Panel: Tecavüzün savaş silahı olarak kullanılması
ZORA ve SKB Paris örgütlenmeleri “Tecavüzün Savaş Silahı Olarak Kullanılması” başlıklı paneli gerçekleştirdi.
Atılım Paris
Panel, ZORA Paris örgütünün tecavüzün savaş silahı olarak kullanılmasıyla ilgili sunumu ile başladı. Sunumda ZORA Paris adına konuşan genç kadın, “Dünya çapında pek çok sömürgeci, emperyalist savaşın hüküm sürdüğü, dünyanın üçüncü bir emperyalist savaşa hazırlandığı ve emperyalist Avrupa ülkelerinin savaş hazırlıklarını ile militarizmi güçlendirdiği bir dönemde, kadınların ve LGBTI+ bireylerin savaştan en çok etkilenen gruplar olduğunu kendimize hatırlatmalıyız.” dedi.
“Emperyalist ve sömürgeci savaşlarda en çok acı çekenler kadınlar, LGBTİ+ bireyler, işçi sınıfı ve yoksullardır. Ancak bu grup içinde özellikle kadınlar daha fazla mağdurdur. Kadınlar, özellikle işçi sınıfından olanlar, savaşın yol açtığı ekonomik yıkım ve cinsel şiddetin korkunç sonuçlarıyla karşı karşıyadır.” sözleri ile devam etti.
Panelin önemli noktalarından biri hapishanelerdeki devrimci kadınlara karşı mücadeleden uzaklaştırma aracı olarak tecavüzün, şiddetin kullanılması oldu. SKB Paris sözcüsü, “gözaltında veya hapishanelerde kadınlara yönelik tecavüz işkencesi kadın bedeni üzerinden uygulanan bir cinsel politikadır. Kadını aşağılayarak iradesizleştirmek hedeflenirken diğer yandan başkaca kadınlara da mesaj verilmektedir. Garipe Gezer tam da bu nedenlerle tecavüz işkencesine maruz kalarak katledildi.” sözleri ile hapishanelerdeki mücadeleye ve kadınların gördüğü şiddete dikkat çekti.
Kürt halkına karşı yapılan saldırılarda da tecavüzün bir silah olarak kullanıldığını belirten sözcü, “politik mücadele içerisinde yer alarak öncüleşen kadınlara uygulanan cinsel şiddet esasen Kürt kadınlarının iradesini teslim almayı hedeflemiştir. Bu yolla faşist Türk sömürgeciliğine karşı mücadele istekleri kırılmaya çalışılmıştır. Asker ve kurucuların tecavüzüne uğrayan Kürt kadınlarının teşhiri ile ortaya çıkan bu saldırılar azımsanmayacak kadar çoktur” dedi.
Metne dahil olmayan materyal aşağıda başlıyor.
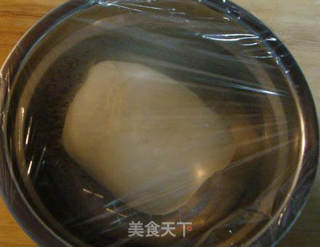 意大利披萨饼的做法步骤:5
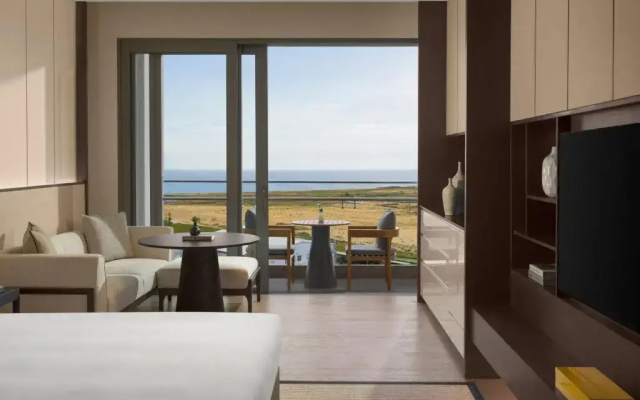 New World Hoiana Hotel Vietnam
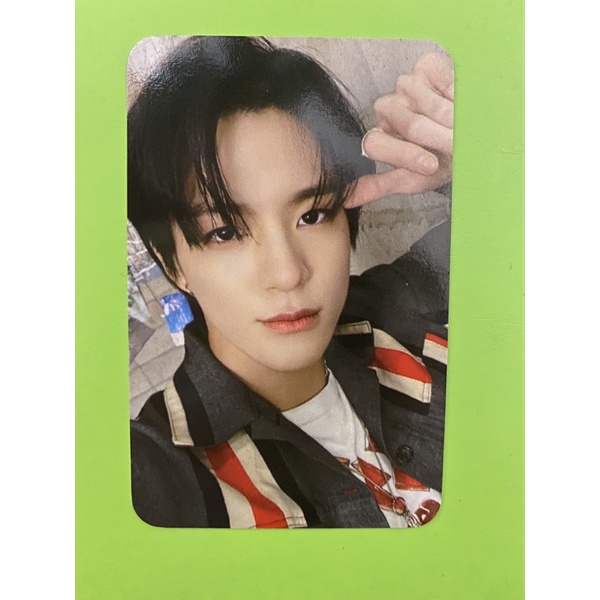 PC JENO KEYRING HOT SAUCE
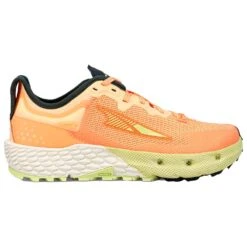 Scarpe Da Trail Altra Timp 4 Wmn Orange Black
SKB sözcüsü bu saldırı yönetiminin sadece politik kadınlara doğru bir saldırı olmadığını ve herhangi bir sivil kadının da başına gelebileceğine dikkat çekti. Gündelik yaşam içerisinde olan kadınların durumunu anlatan Sözcü, Rojin Kabaiş cinayetine örnek verdi.
Panel’de konuşan Rosa temsilcisi, İran ve Afganistandaki duruma değindi. 1979 İran devriminden sonra nasıl tecavüzün sistematik olarak kadınlara dönük bir silah olarak kullanıldığını ve bu durumun Jina Amini’nin katledildilmesinden sonra tecavüz vakalarının arttığını, fail erkeklerin sistematik olarak korunduğunun altını çizdi.
Enternasyonal kadın birlikleri ve toplantılarının önemine değinen Sözcü, “savaş şiddetinin olduğu her yerdedayanışma ağları örgütlemeyiz.” Diyerek konuşmasını sonlardı.
Panel, sorulara verilen yanıtların ardından bitirildi.